Legal workers must report ‘suspicious’ dealings they might encounter
Lawyers, notaries and legal consultants in Cuba are obligated to report to the authorities any “suspicious operations” they encounter in the course of their work, such as money laundering (“the bleaching of capital”), says a new ruling issued by the Ministry of Justice.
Resolution No. 175, published Saturday (Aug. 16) in the Official Gazette No. 36, says that those functionaries have an “obligation” to report such transactions to the Central Bank’s Directorate for the Investigation of Financial Operations.
Those legal workers “might know of possible suspicious operations related to the introduction in the Cuban market of illicit assets, for the purpose of being utilized in terrorist activities or money-laundering operations,” the resolution says.

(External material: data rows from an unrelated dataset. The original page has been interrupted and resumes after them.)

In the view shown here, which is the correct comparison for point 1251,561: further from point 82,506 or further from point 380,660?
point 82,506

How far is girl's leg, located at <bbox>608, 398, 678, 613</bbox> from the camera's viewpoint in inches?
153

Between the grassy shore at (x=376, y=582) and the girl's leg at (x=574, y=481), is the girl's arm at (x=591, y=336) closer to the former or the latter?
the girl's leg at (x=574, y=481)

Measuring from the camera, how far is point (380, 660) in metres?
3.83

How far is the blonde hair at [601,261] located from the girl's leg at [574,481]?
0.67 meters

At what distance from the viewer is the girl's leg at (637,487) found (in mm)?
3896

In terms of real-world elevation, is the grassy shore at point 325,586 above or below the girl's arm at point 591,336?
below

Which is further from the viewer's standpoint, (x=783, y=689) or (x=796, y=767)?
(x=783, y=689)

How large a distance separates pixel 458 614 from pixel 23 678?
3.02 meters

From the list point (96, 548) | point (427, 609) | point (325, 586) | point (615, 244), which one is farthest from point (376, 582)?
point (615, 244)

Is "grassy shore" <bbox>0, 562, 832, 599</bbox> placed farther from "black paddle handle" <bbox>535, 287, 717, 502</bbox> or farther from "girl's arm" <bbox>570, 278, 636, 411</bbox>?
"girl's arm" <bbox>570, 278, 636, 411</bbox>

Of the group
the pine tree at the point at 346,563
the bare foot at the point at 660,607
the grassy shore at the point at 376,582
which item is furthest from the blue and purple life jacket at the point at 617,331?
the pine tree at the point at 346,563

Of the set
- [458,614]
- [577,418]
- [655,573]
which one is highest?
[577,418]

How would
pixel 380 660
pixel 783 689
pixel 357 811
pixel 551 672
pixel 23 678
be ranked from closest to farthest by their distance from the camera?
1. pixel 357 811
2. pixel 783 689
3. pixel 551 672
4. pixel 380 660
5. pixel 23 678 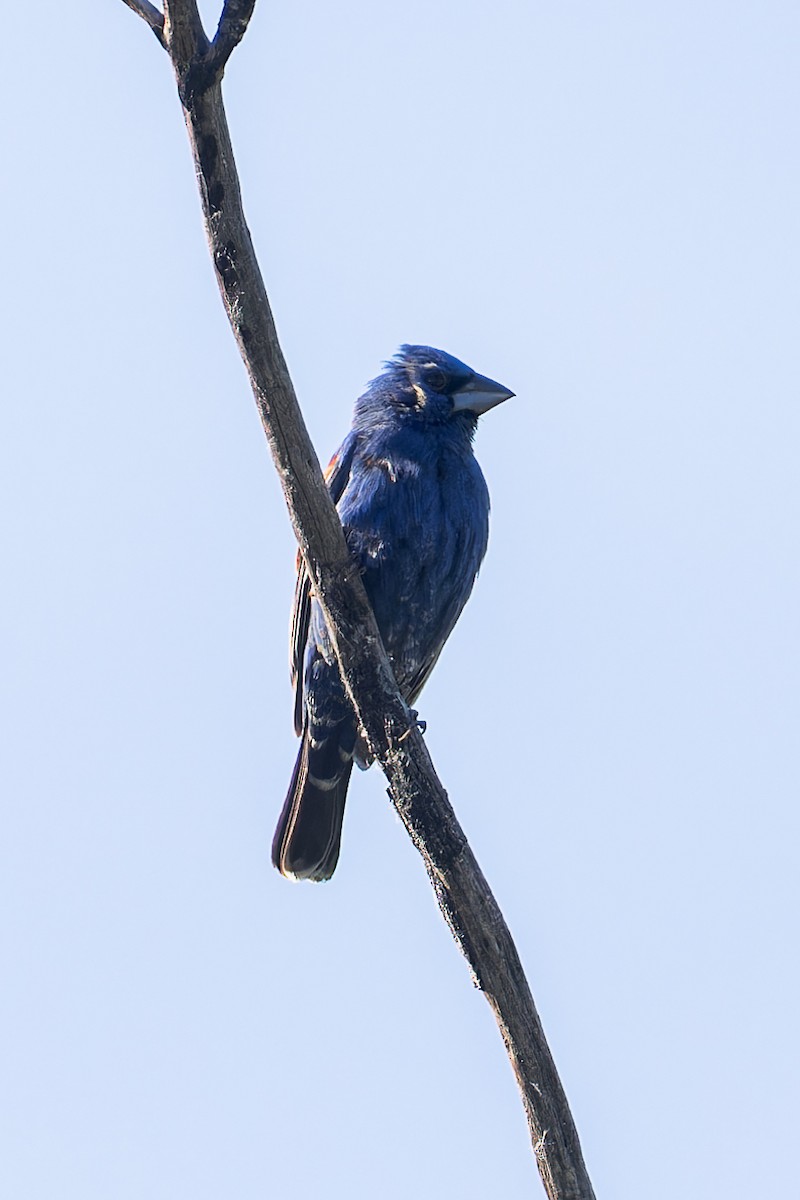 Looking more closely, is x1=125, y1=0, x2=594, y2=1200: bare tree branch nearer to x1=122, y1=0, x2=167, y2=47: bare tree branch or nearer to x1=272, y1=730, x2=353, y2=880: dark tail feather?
x1=122, y1=0, x2=167, y2=47: bare tree branch

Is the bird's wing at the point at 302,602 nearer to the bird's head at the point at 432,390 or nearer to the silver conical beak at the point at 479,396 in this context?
the bird's head at the point at 432,390

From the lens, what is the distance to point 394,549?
6125 mm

Any suspicious transaction that may be “presumed to involve money laundering, the funding of terrorism, the proliferation of weapons, and other [activities] of similar seriousness” must be reported, the document says. Lawyer/client confidentiality is not binding in such cases, the ruling seems to indicate.
The resolution appears to be part of the government’s war on corruption, which has targeted state-run companies and joint enterprises funded with foreign money.
In a speech during the First Communist Party Conference in January 2012, President Raúl Castro said that corruption is “one of the principal enemies of the Revolution, much more harmful than the multimillion-dollar subversive and meddlesome program of the United States government and its allies inside and outside this country.”
“Our country can win the battle against corruption,” Castro went on, “slowing it down at first and later liquidating it without any contemplation. We have warned that, within the framework of the law, we shall be implacable with the phenomenon of corruption.”
The president has made that argument frequently since then.
Although the resolution does not specifically mention foreign aid to opposition groups — which the government describes as “counter-revolutionary” — it could also target organizations and individuals attempting “regime change” with foreign funding.